Sunday, November 29, 2015

Scary Moments...

Friday, I went to my PCP to get my 3 month blood check up.  My PCP is more concerned about the creatine levels in my system.  I just got my results this afternoon and it seems that I need to see a kidney specialist.

That scares me.  Anyone that knows me knows that think the very worst of a situation.  Here I sit wish my mother was alive.  I tried to contact my father twice and no answer.  I tried to call other family members, but no answer, either.

Where I felt the worse, I reached out to someone in worse shape than myself.  I reached out to my friend who has bone, liver, and other cancers throughout her system.  She has a limited time on this plane of existence.  At this point, she is fighting with all of her might.  She stays busy by rescuing cats/kittens from kill shelters and helping them find homes or fosters.  I admire her greatly for her tenacity to keep going and doing what she knows is the right thing.  Her doctors say she has another year or so left.  I hope she lives much longer than that.

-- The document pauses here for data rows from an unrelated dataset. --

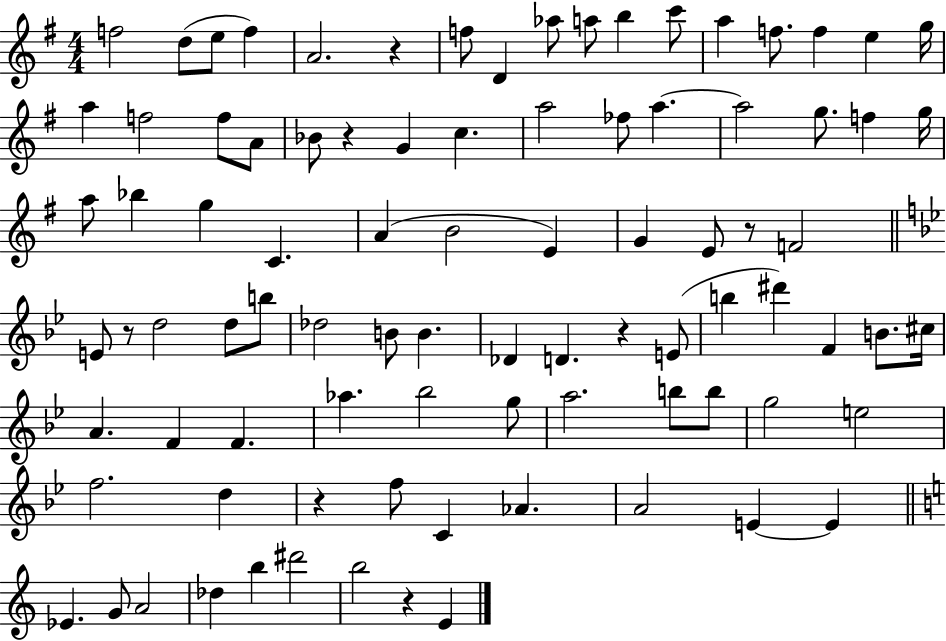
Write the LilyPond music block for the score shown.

{
  \clef treble
  \numericTimeSignature
  \time 4/4
  \key g \major
  f''2 d''8( e''8 f''4) | a'2. r4 | f''8 d'4 aes''8 a''8 b''4 c'''8 | a''4 f''8. f''4 e''4 g''16 | \break a''4 f''2 f''8 a'8 | bes'8 r4 g'4 c''4. | a''2 fes''8 a''4.~~ | a''2 g''8. f''4 g''16 | \break a''8 bes''4 g''4 c'4. | a'4( b'2 e'4) | g'4 e'8 r8 f'2 | \bar "||" \break \key bes \major e'8 r8 d''2 d''8 b''8 | des''2 b'8 b'4. | des'4 d'4. r4 e'8( | b''4 dis'''4) f'4 b'8. cis''16 | \break a'4. f'4 f'4. | aes''4. bes''2 g''8 | a''2. b''8 b''8 | g''2 e''2 | \break f''2. d''4 | r4 f''8 c'4 aes'4. | a'2 e'4~~ e'4 | \bar "||" \break \key c \major ees'4. g'8 a'2 | des''4 b''4 dis'''2 | b''2 r4 e'4 | \bar "|."
}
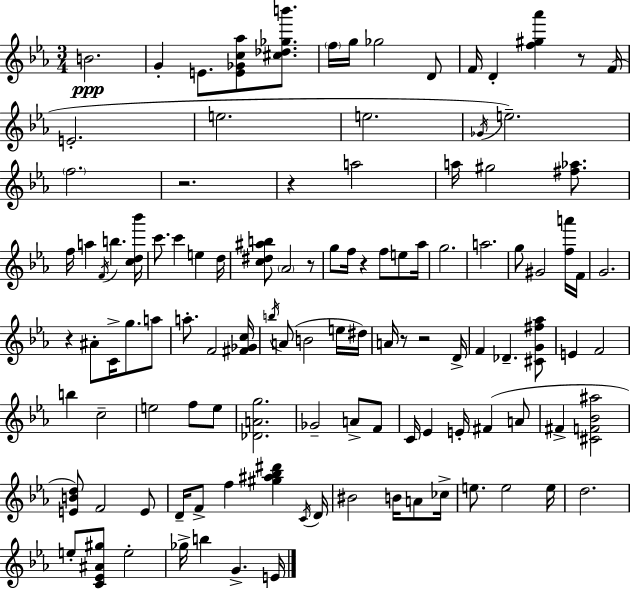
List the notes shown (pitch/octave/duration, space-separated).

B4/h. G4/q E4/e. [E4,Gb4,C5,Ab5]/e [C#5,Db5,Gb5,B6]/e. F5/s G5/s Gb5/h D4/e F4/s D4/q [F5,G#5,Ab6]/q R/e F4/s E4/h. E5/h. E5/h. Gb4/s E5/h. F5/h. R/h. R/q A5/h A5/s G#5/h [F#5,Ab5]/e. F5/s A5/q F4/s B5/q. [C5,D5,Bb6]/s C6/e. C6/q E5/q D5/s [C5,D#5,A#5,B5]/e Ab4/h R/e G5/e F5/s R/q F5/e E5/e Ab5/s G5/h. A5/h. G5/e G#4/h [F5,A6]/s F4/s G4/h. R/q A#4/e C4/s G5/e. A5/e A5/e. F4/h [F#4,Gb4,C5]/s B5/s A4/e B4/h E5/s D#5/s A4/s R/e R/h D4/s F4/q Db4/q. [C#4,G4,F#5,Ab5]/e E4/q F4/h B5/q C5/h E5/h F5/e E5/e [Db4,A4,G5]/h. Gb4/h A4/e F4/e C4/s Eb4/q E4/s F#4/q A4/e F#4/q [C#4,F4,Bb4,A#5]/h [E4,B4,D5]/e F4/h E4/e D4/s F4/e F5/q [G#5,A#5,Bb5,D#6]/q C4/s D4/s BIS4/h B4/s A4/e CES5/s E5/e. E5/h E5/s D5/h. E5/e [C4,Eb4,A#4,G#5]/e E5/h Gb5/s B5/q G4/q. E4/s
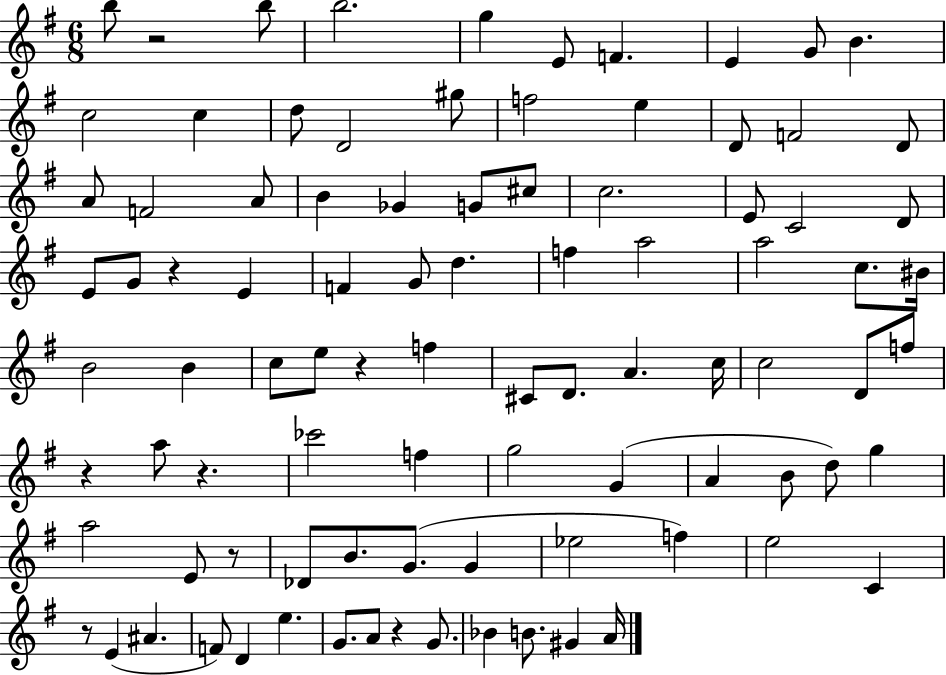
B5/e R/h B5/e B5/h. G5/q E4/e F4/q. E4/q G4/e B4/q. C5/h C5/q D5/e D4/h G#5/e F5/h E5/q D4/e F4/h D4/e A4/e F4/h A4/e B4/q Gb4/q G4/e C#5/e C5/h. E4/e C4/h D4/e E4/e G4/e R/q E4/q F4/q G4/e D5/q. F5/q A5/h A5/h C5/e. BIS4/s B4/h B4/q C5/e E5/e R/q F5/q C#4/e D4/e. A4/q. C5/s C5/h D4/e F5/e R/q A5/e R/q. CES6/h F5/q G5/h G4/q A4/q B4/e D5/e G5/q A5/h E4/e R/e Db4/e B4/e. G4/e. G4/q Eb5/h F5/q E5/h C4/q R/e E4/q A#4/q. F4/e D4/q E5/q. G4/e. A4/e R/q G4/e. Bb4/q B4/e. G#4/q A4/s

She helped me to feel better about my situation.  I teared up and cried a bit.  Still, I am a bit scared about everything.  I hate all of this.  It just makes me crazy, but what makes me more crazy is not having my mom here to help me get through this.  It is times like these where I feel more alone in this world than anything else.  I would give anything in the world for my mom to be here - she would help make me feel better about all of this.  I thank my friend for listening to me and trying to make me feel better.  She is so much stronger than I am and I realize it every day.  Not sure what I will do when she passes away - that is why I want her to outlive all of the timelines her doctors give to her.  She is needed in this world.